──────── DATA BELOW
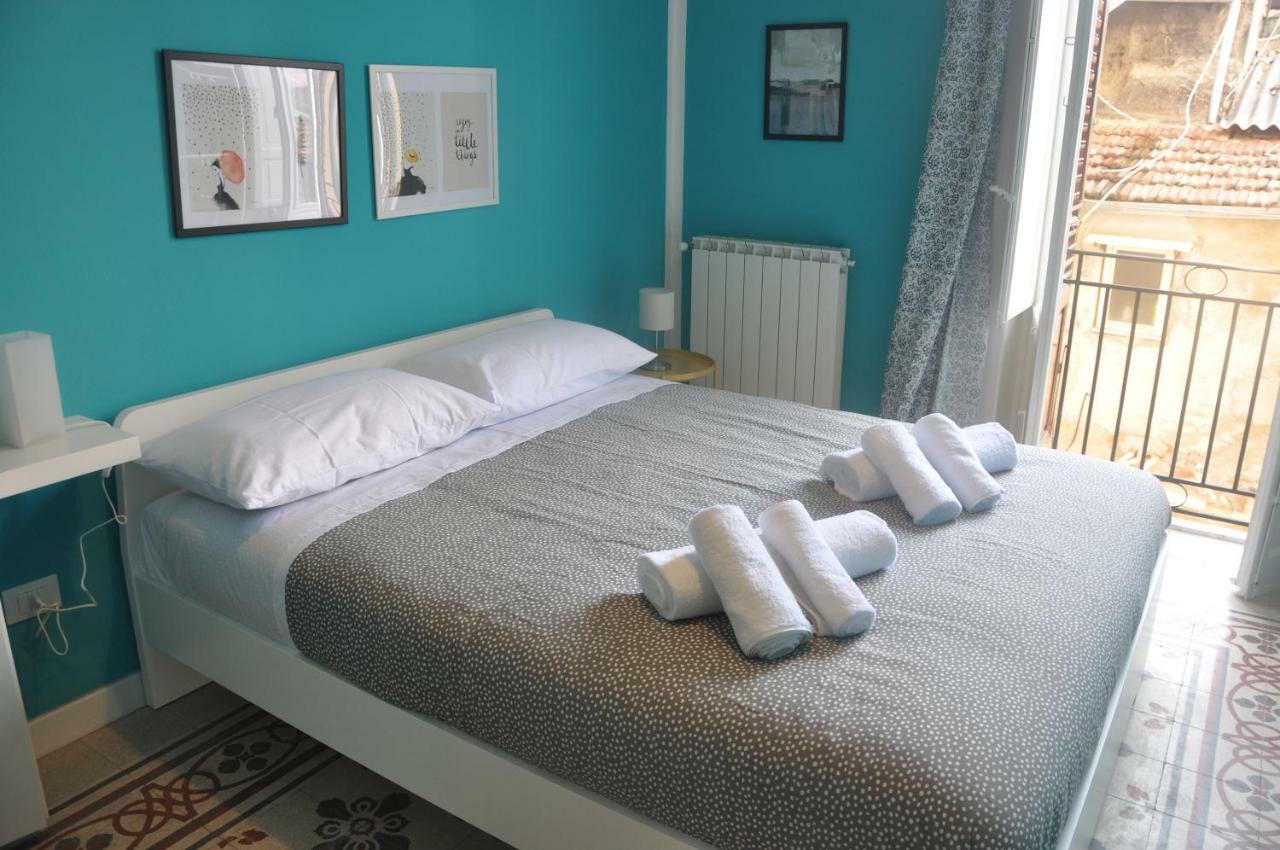Double Room with Private Bathroom,796682385:JPEG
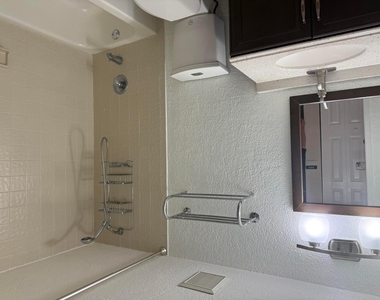 6978 Nw 166th Terrace - Photo Thumbnail 16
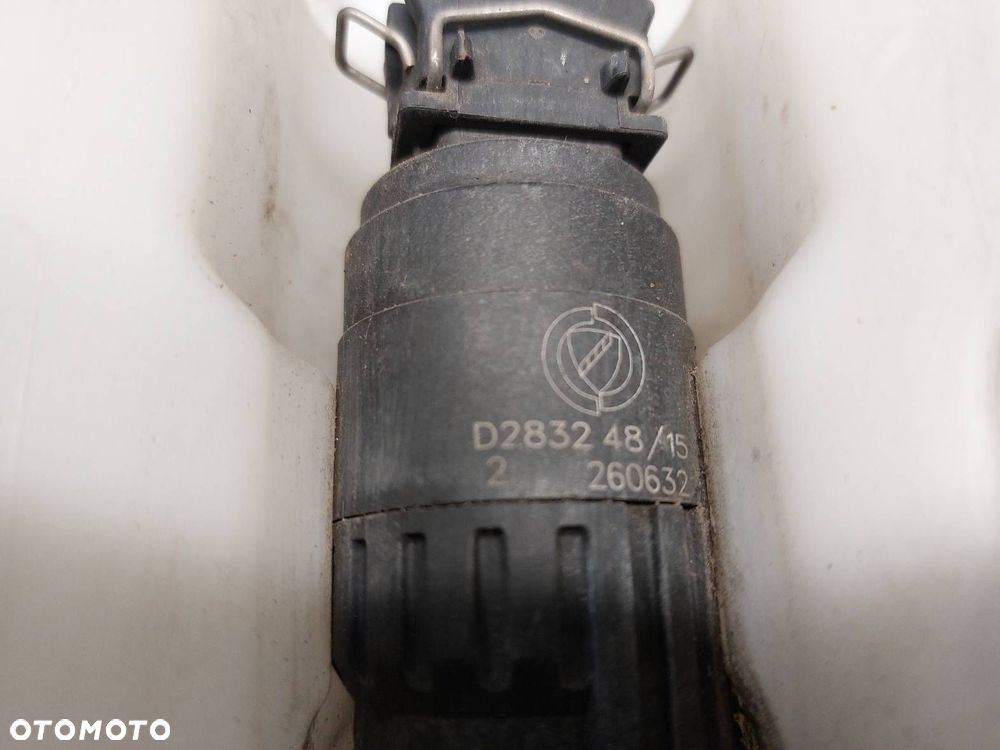 ZBIORNICZEK PŁYNU SPRYSKIWACZY + POMPKA FIAT DUCATO III LIFT - 2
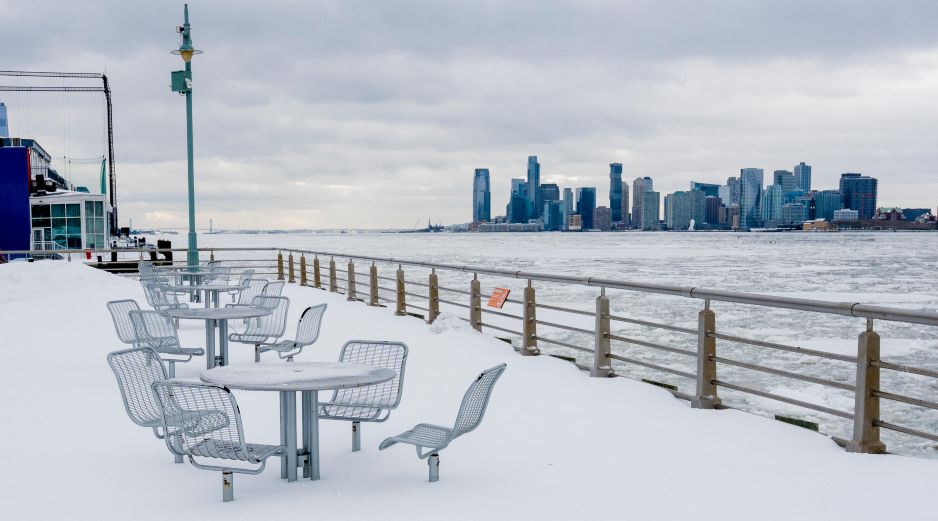 El número de víctimas mortales por la tormenta invernal que azotó este fin de semana a dos tercios de Estados Unidos ascendió a los 34. EFE/ A. Colmenares.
────────────────
### WHAT TO WORK ON
After removing the pictures, transcribe the listing above exactly.

### OUTPUT OF THE EXERCISE
Double Room with Private Bathroom,796682385:JPEG
 6978 Nw 166th Terrace - Photo Thumbnail 16
 ZBIORNICZEK PŁYNU SPRYSKIWACZY + POMPKA FIAT DUCATO III LIFT - 2
 El número de víctimas mortales por la tormenta invernal que azotó este fin de semana a dos tercios de Estados Unidos ascendió a los 34. EFE/ A. Colmenares.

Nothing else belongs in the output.